Heather handed me a poem she wrote.

Here, she said, Read this.

We were sitting on the thrifted couch in her apartment off campus. It was the end of the semester and the windows were wide open but useless against the Virginia summer night. 

I looked at the 4 or 5 stanzas. It was free verse. Something about nature and darkness. Something about loneliness and longing. I handed it back to her.

Cool, I said. That’s awesome.

Heather looked at me. No, she said, handing the poem back to me. Read this.

She was a year ahead of me. We’d been sitting next to each other on the first day of what turned out to be the world’s most difficult 200-level British Literature class, and quickly became each other’s life raft. We were supposed to be studying for the final but had somehow ended up drinking instead.

I looked at the poem again. Something about cicadas. Something about the full moon. Something about sex and the long summer night. 

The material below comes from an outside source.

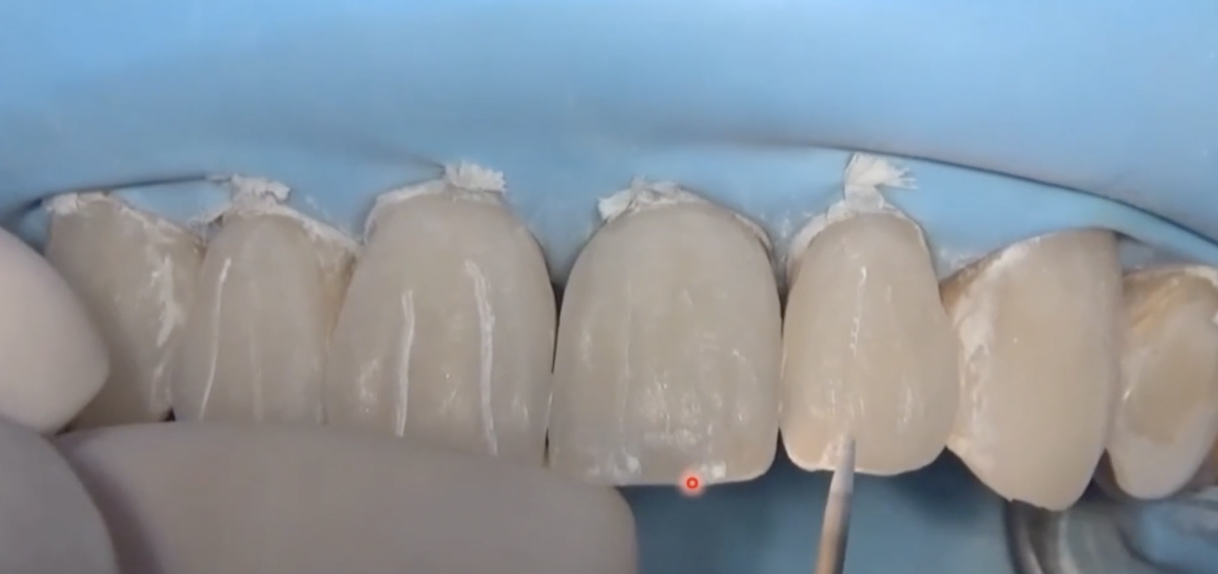 CLINICAL VIDEO Finishing and polishing steps for anterior composite esthetics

Heather had a roommate who was majoring in modern dance. The last time I’d come over we’d bonded over her My So Called Life poster, but tonight she was out with her boyfriend, a white guy with dreads and a dog named Kenya or Nairobi or something. It was getting late and it was going to be a long walk back to campus. 

I handed the poem back to Heather. It’s really cool, I said. Poetry’s not my thing and I don’t know if I understand it, but I like it. It’s great.

Heather stared at me again, longer this time. No, she said, handing the poem back to me. Read this.